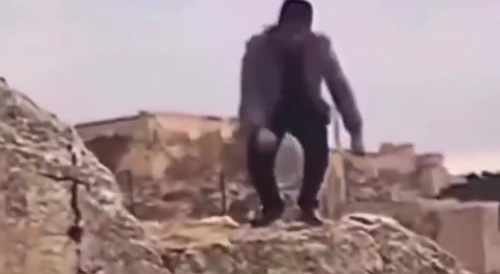 Someone falls off cliff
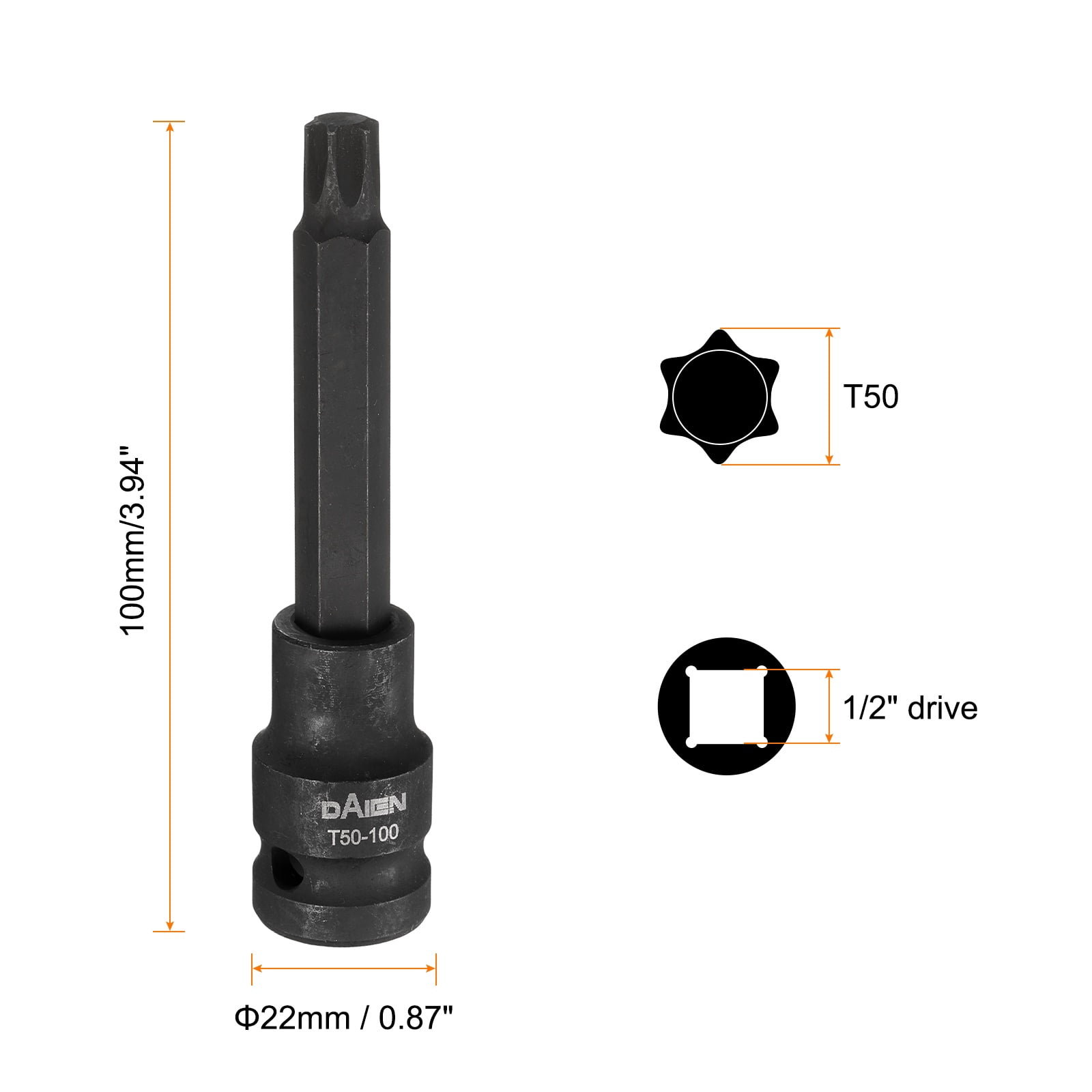 Uxcell 5pcs T50 Torx Bit Socket 100mm/3.94" Length 1/2" Square Drive Star 6 Point Extension Impact Bit Power Nut Driver Set S2 Steel Socket Ratchet Wrench Bits, Black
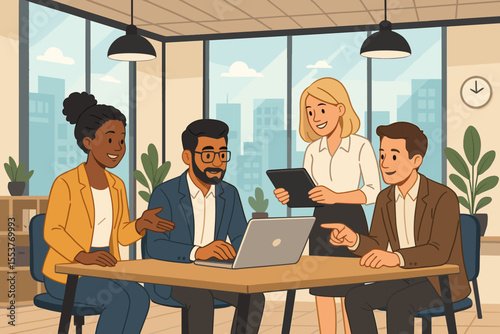 Diverse business team meeting collaboration in modern open office. Professional coworkers brainstorming, discussing project strategy, teamwork, technology, digital devices, corporate workspace vector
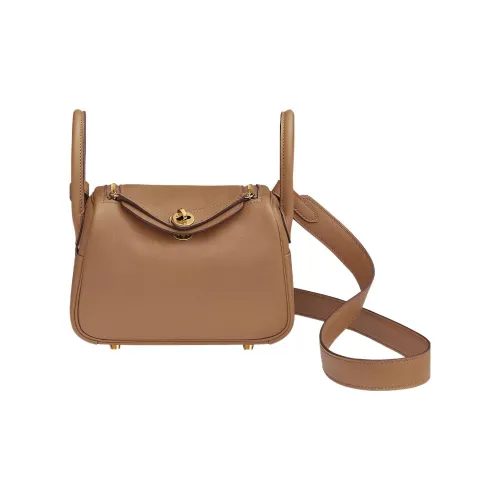 HERMES Lindy Swift Leather Handbags Shoulder Bag Crossbody Bag Mini Milk Tea Beige/Brocade Purple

● ● ●

Problem requirements ->
Quote the material word for word, dropping any images it holds.

The completed task ->
 Someone falls off cliff
 Uxcell 5pcs T50 Torx Bit Socket 100mm/3.94" Length 1/2" Square Drive Star 6 Point Extension Impact Bit Power Nut Driver Set S2 Steel Socket Ratchet Wrench Bits, Black
 Diverse business team meeting collaboration in modern open office. Professional coworkers brainstorming, discussing project strategy, teamwork, technology, digital devices, corporate workspace vector
 HERMES Lindy Swift Leather Handbags Shoulder Bag Crossbody Bag Mini Milk Tea Beige/Brocade Purple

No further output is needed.